◆ Instructions for the task
Exclude all pictures. Then restate, word for word, the entries from the first line through the line that contains "結婚時丈母娘不收聘金本來我暗".

-- The data follows --

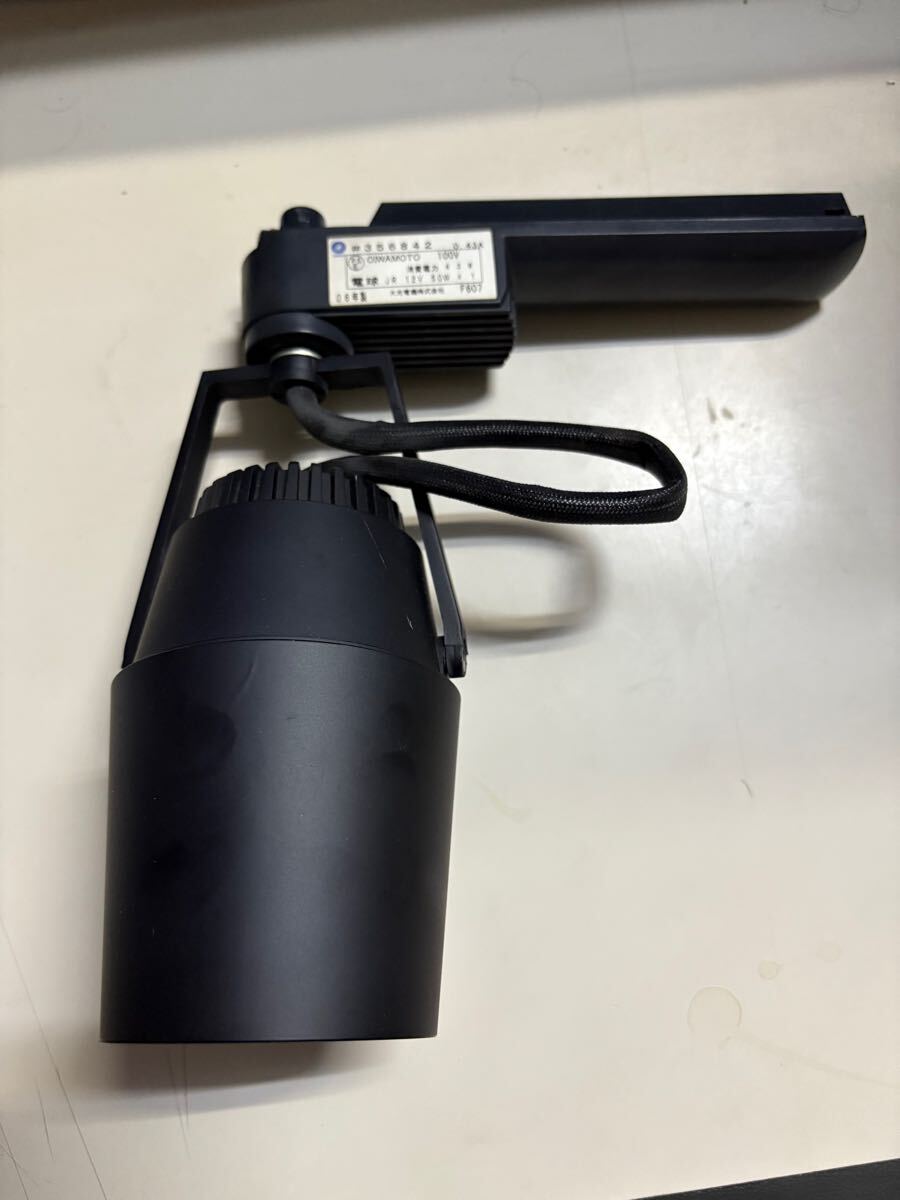 No.600796 DAIKO 大光電機株式会社 スポットライト レールライト 30個セット 06年製 中古品 照明器具拍卖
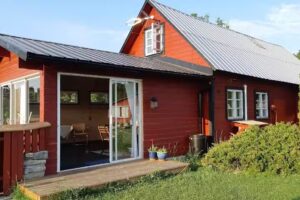 Burs Allmunde 121 Cottage rental on Gotland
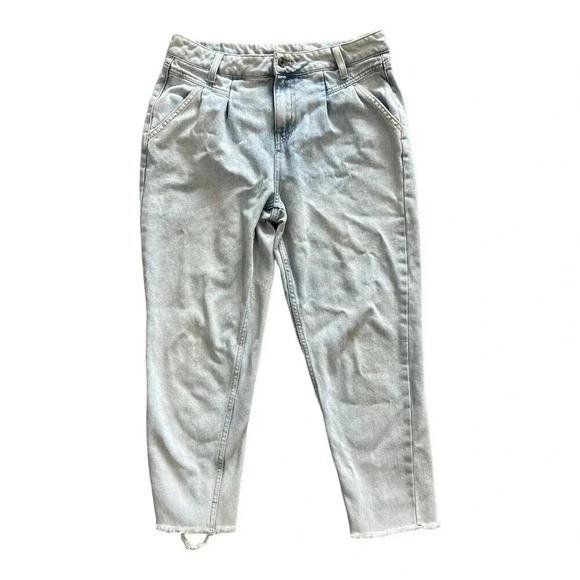 KOAJ Light Wash High Rise Boyfriend Fit Jeans 10 - Picture 1 of 3
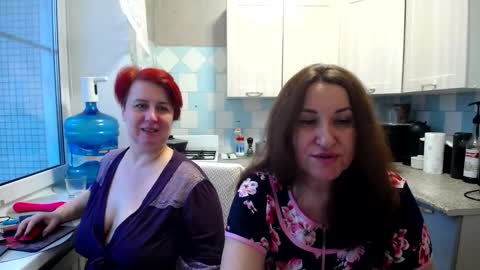 Snapshot of donnalimadonna chatting on 01/27/25, 07:03 Tatiana 43 curvy sexy body and Joanna redhead 39 years online show from 01/27/25, 07:03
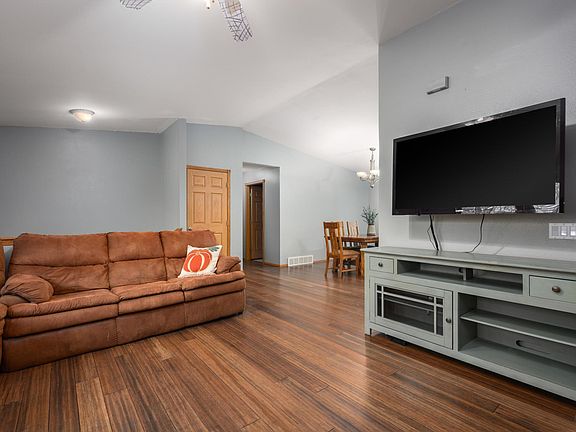 5th image of 15314 640th St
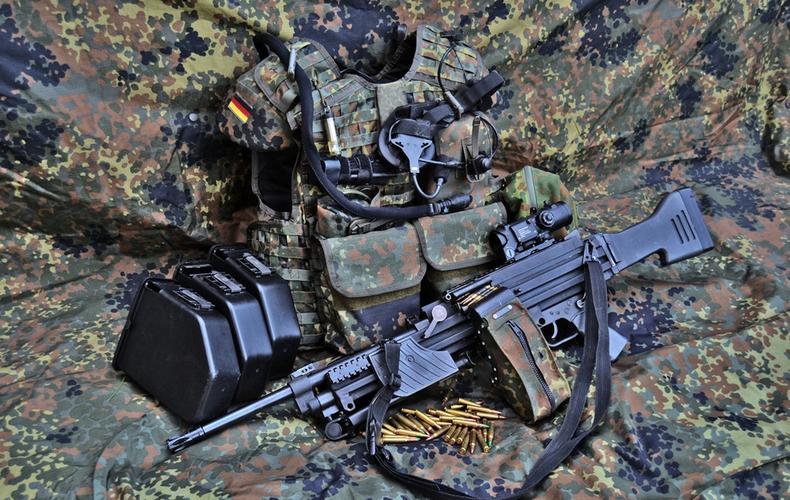 西班牙赛特迈阿梅利5.56mm轻机枪结构特点
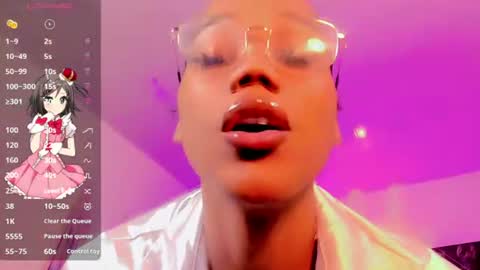 Naomy  online show from July 14, 3:22 am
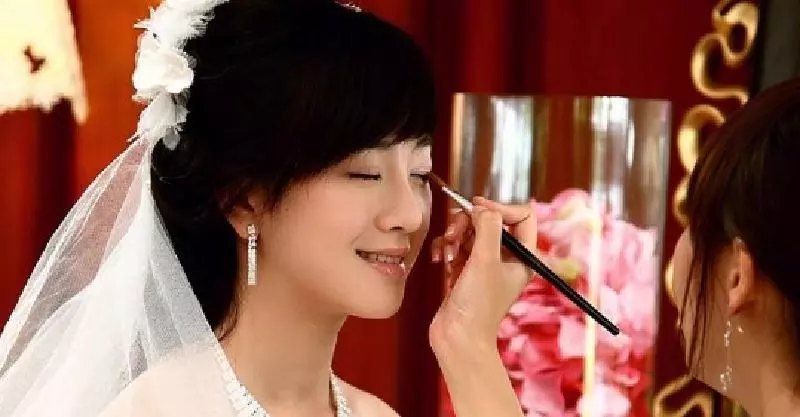 結婚時丈母娘不收聘金本來我暗 爽,如今我才知道「她都計劃好了」!如今後悔莫及...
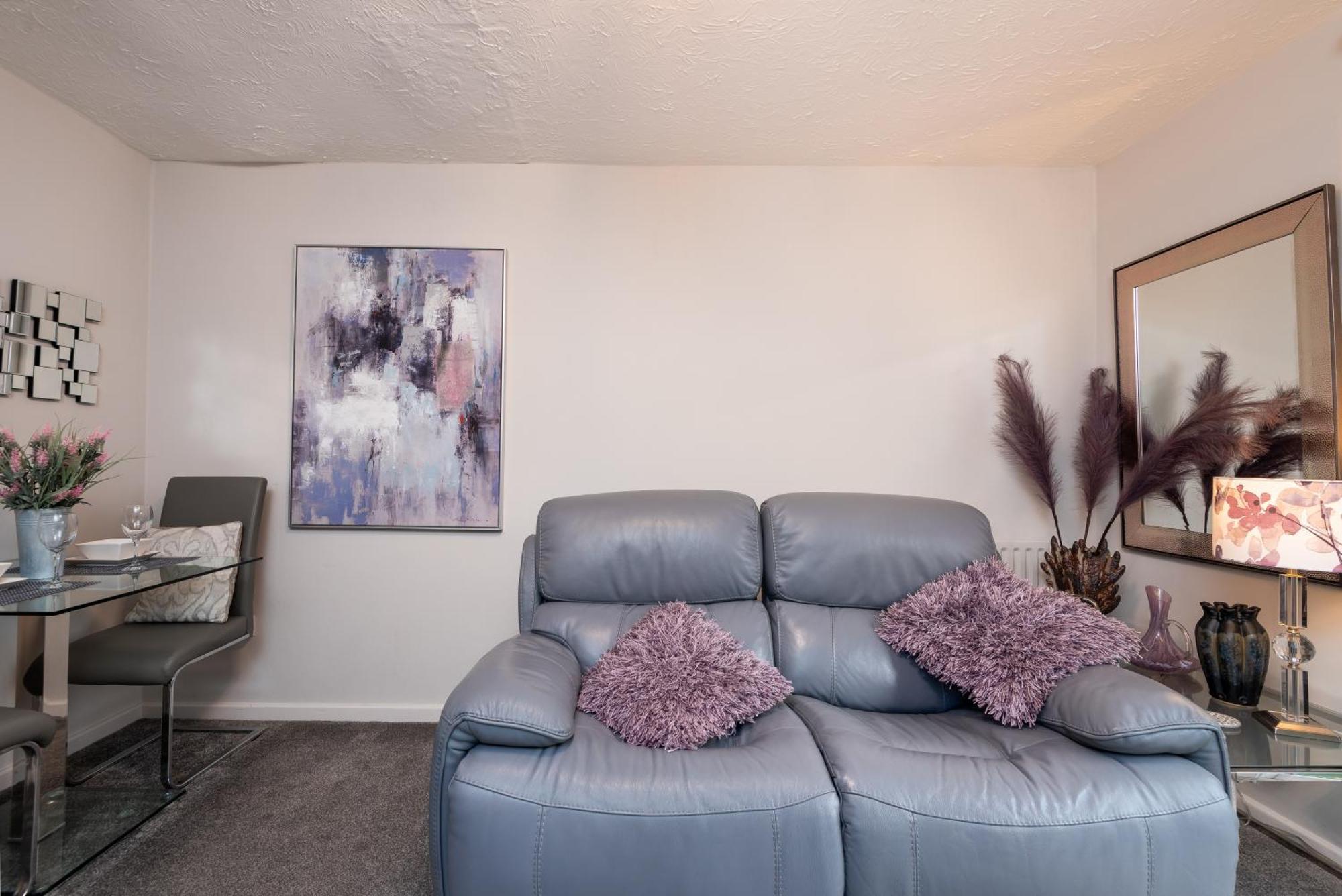 Worcester Fabulous Cherry Tree Mews Self Check In Dogs Welcome By Prior Arrangement , 2 Double Bedrooms ,Super Fast Wi-Fi, With Free Off Road Parking For 2 Vehicles Near Royal Hospital And Woodland Walks Zewnętrze zdjęcie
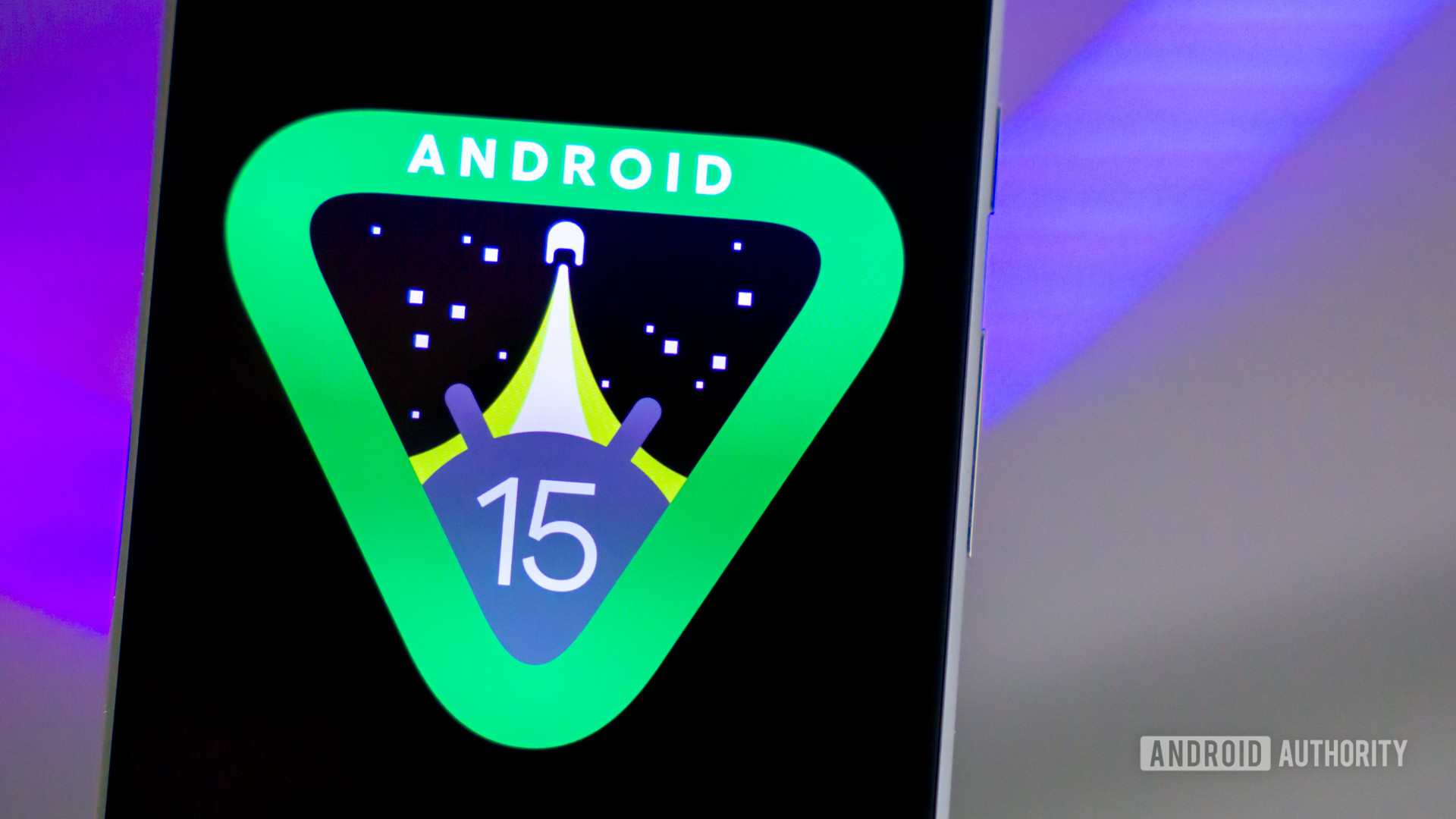 Android 15 logo on smartphone with light strip in background stock photo (12)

-- The data concluded --

◆ Solution to the exercise
 No.600796 DAIKO 大光電機株式会社 スポットライト レールライト 30個セット 06年製 中古品 照明器具拍卖
 Burs Allmunde 121 Cottage rental on Gotland
 KOAJ Light Wash High Rise Boyfriend Fit Jeans 10 - Picture 1 of 3
 Snapshot of donnalimadonna chatting on 01/27/25, 07:03 Tatiana 43 curvy sexy body and Joanna redhead 39 years online show from 01/27/25, 07:03
 5th image of 15314 640th St
 西班牙赛特迈阿梅利5.56mm轻机枪结构特点
 Naomy  online show from July 14, 3:22 am
 結婚時丈母娘不收聘金本來我暗 爽,如今我才知道「她都計劃好了」!如今後悔莫及...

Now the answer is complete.